* _Problem requirements_
Reproduce each record exactly. The pictures should be skipped.

* _Dataset_
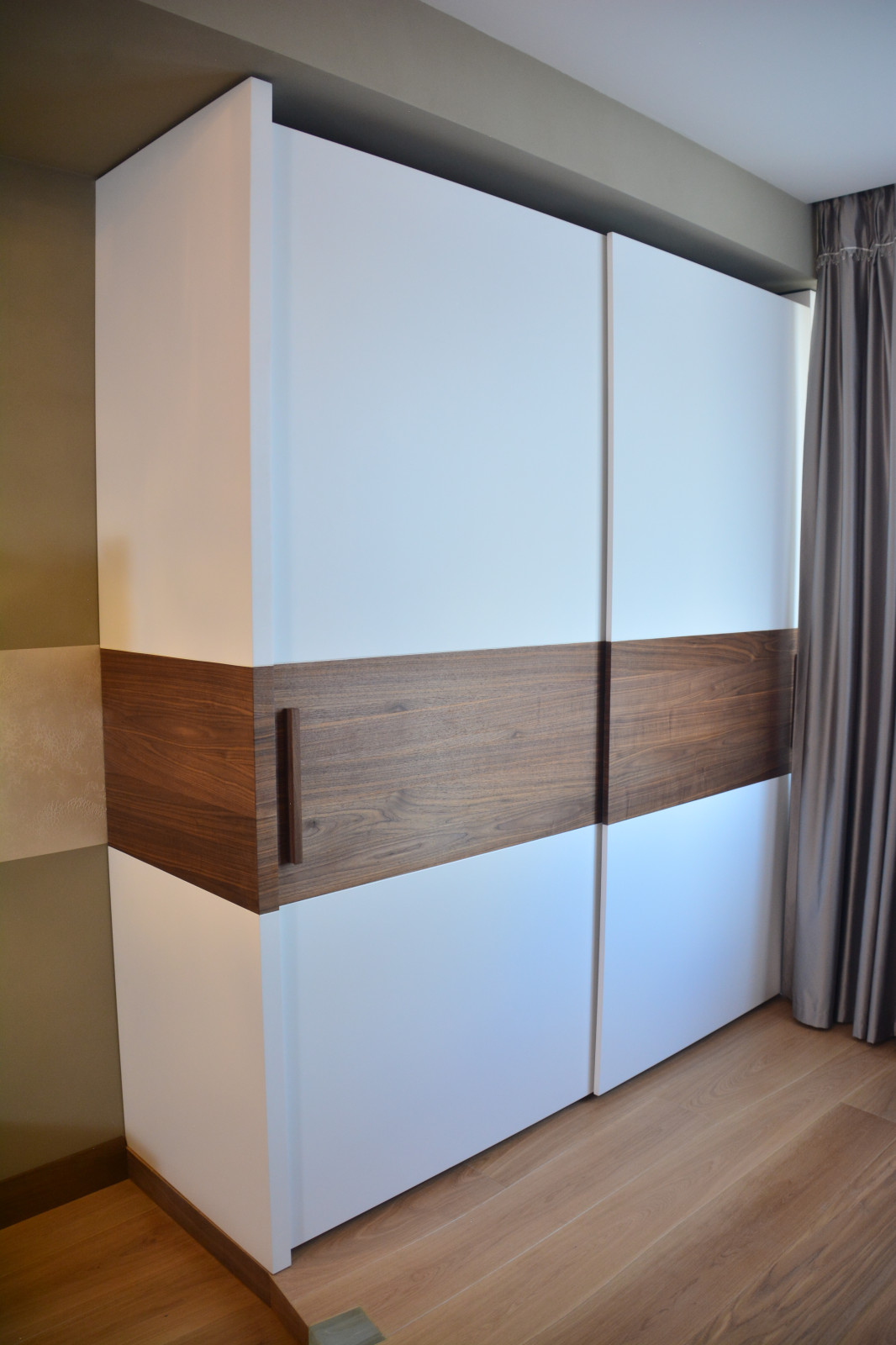 платяной шкаф, фасады на электромеханическом приводе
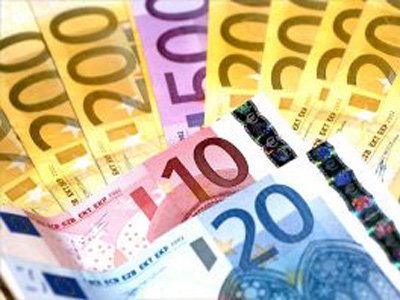 Vendas no varejo da z.euro caem menos em junho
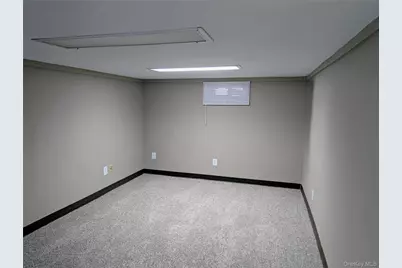 139 Pine Neck Avenue, Patchogue, NY 11772 - Photo 15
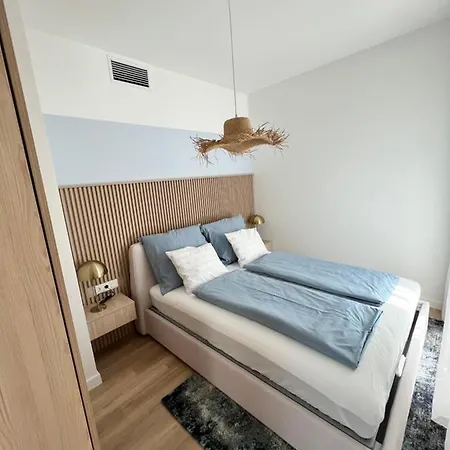 Apartment Platan Garden Koezvetlen Vizparti Apartman Balatonboglar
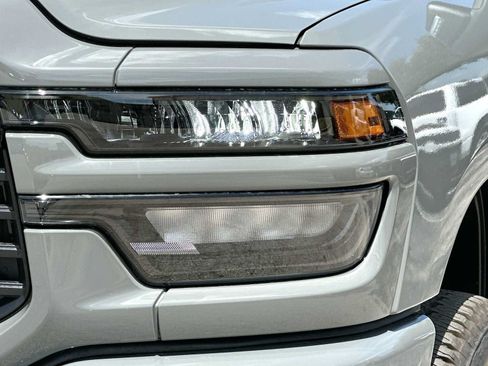New 2026 RAM 2500 Tradesman AWD/4WD image 16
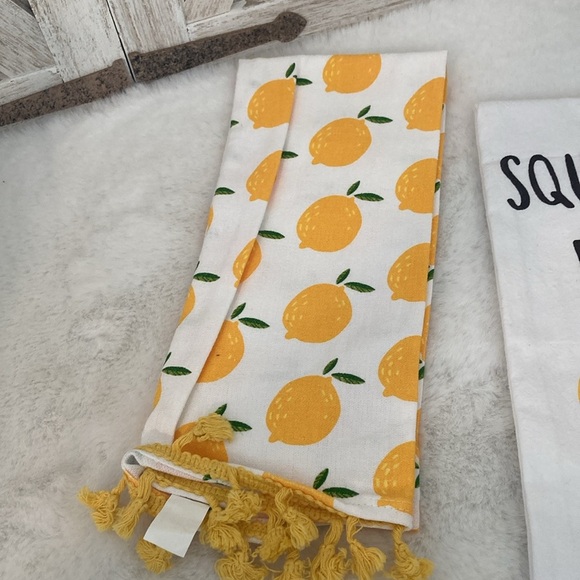 Target BP Squeeze The Day Lemon Kitchen Towels - Picture 5 of 8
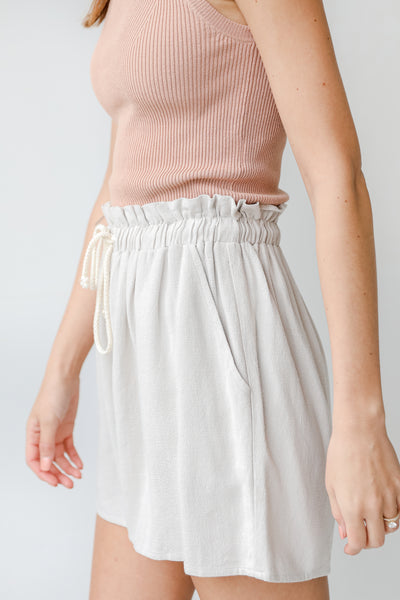 Linen Shorts in grey side view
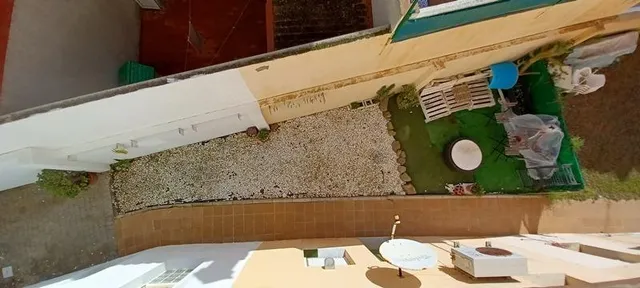 Amplio adosado totalmente reformado con Apartamento independiente. — 16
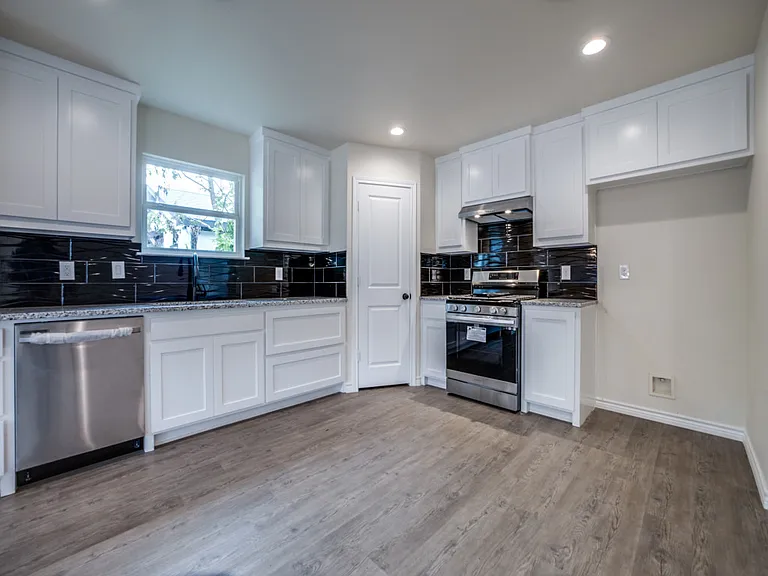 4220 Hamilton Ave — Photo 6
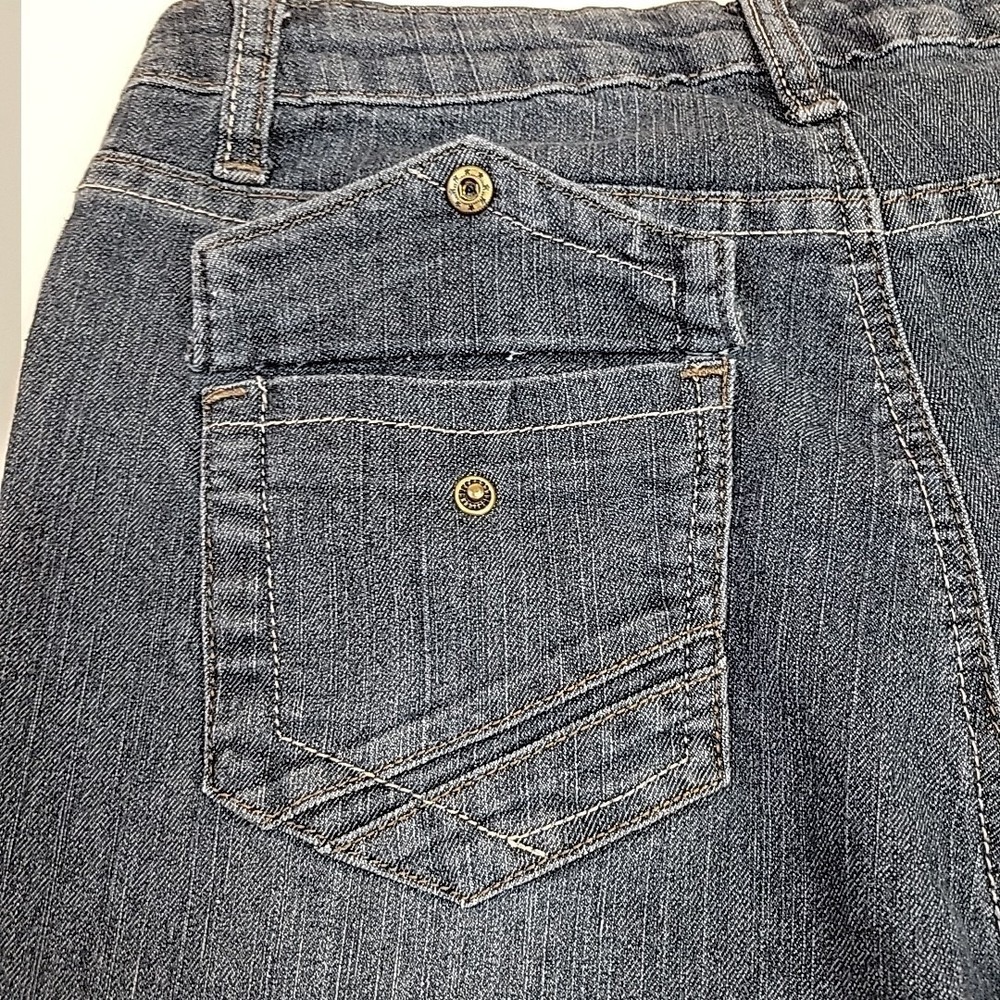 Gloria Vanderbilt Amanda Med Rise Crop Jeans Women Size 8 Blue Straight Crop Den - Picture 14 of 16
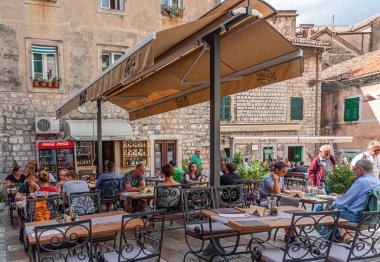 Kotor 'da Açık Hava Yemeği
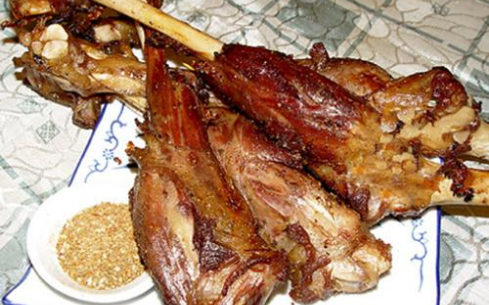 鄭州哪家學(xué)烤羊腿技術(shù)？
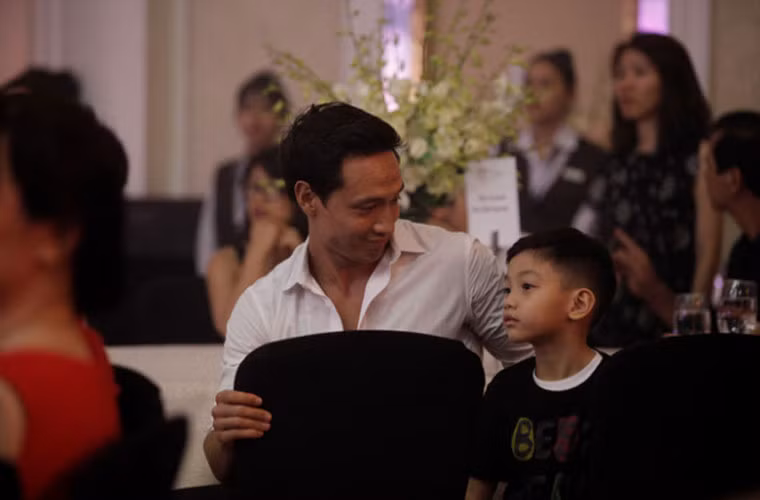 Kim Lý luôn dành cho Subeo những hành động chăm sóc rất tình cảm như cha với con. Khi cùng Subeo ngồi dưới xem mẹ Hà biểu diễn hồi đầu năm 2018, phóng viên đề nghị phỏng vấn, anh nhẹ nhàng từ chối vì lí do phải chăm trẻ và không muốn trả lời các câu hỏi riêng tư trước mặt cậu bé 7 tuổi.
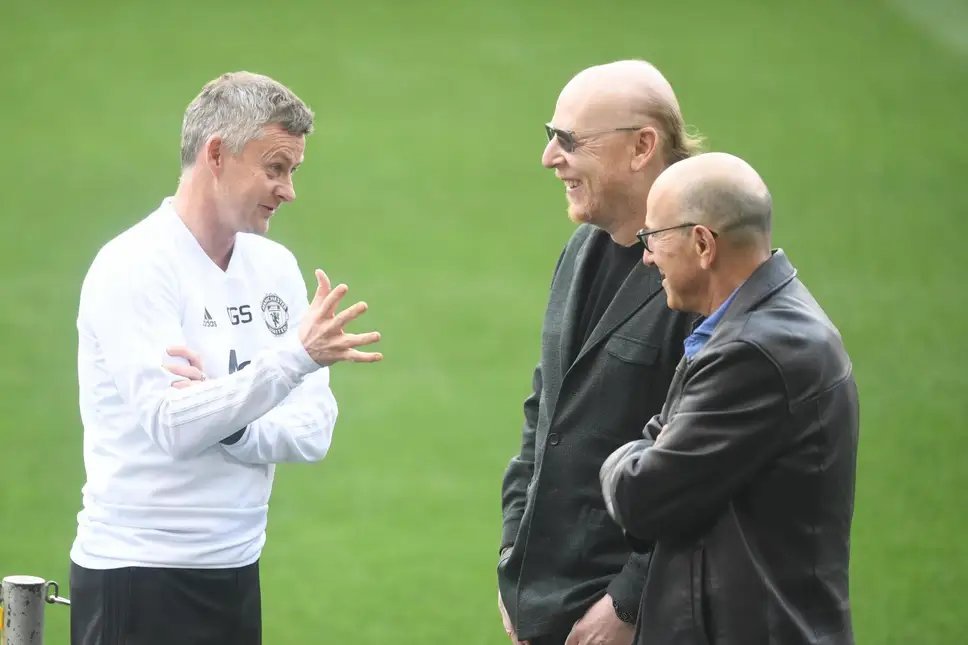 MesseLingard's tweet photo. Wish we could get #LULG or #GlazersIN trending. Look at my manager gelling with our owners โค๏ธ https://t.co/bJlkGciggb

* _Expected answer_
 платяной шкаф, фасады на электромеханическом приводе
 Vendas no varejo da z.euro caem menos em junho
 139 Pine Neck Avenue, Patchogue, NY 11772 - Photo 15
 Apartment Platan Garden Koezvetlen Vizparti Apartman Balatonboglar
New 2026 RAM 2500 Tradesman AWD/4WD image 16
 Target BP Squeeze The Day Lemon Kitchen Towels - Picture 5 of 8
 Linen Shorts in grey side view
 Amplio adosado totalmente reformado con Apartamento independiente. — 16
 4220 Hamilton Ave — Photo 6
 Gloria Vanderbilt Amanda Med Rise Crop Jeans Women Size 8 Blue Straight Crop Den - Picture 14 of 16
 Kotor 'da Açık Hava Yemeği
 鄭州哪家學(xué)烤羊腿技術(shù)？
 Kim Lý luôn dành cho Subeo những hành động chăm sóc rất tình cảm như cha với con. Khi cùng Subeo ngồi dưới xem mẹ Hà biểu diễn hồi đầu năm 2018, phóng viên đề nghị phỏng vấn, anh nhẹ nhàng từ chối vì lí do phải chăm trẻ và không muốn trả lời các câu hỏi riêng tư trước mặt cậu bé 7 tuổi.
 MesseLingard's tweet photo. Wish we could get #LULG or #GlazersIN trending. Look at my manager gelling with our owners โค๏ธ https://t.co/bJlkGciggb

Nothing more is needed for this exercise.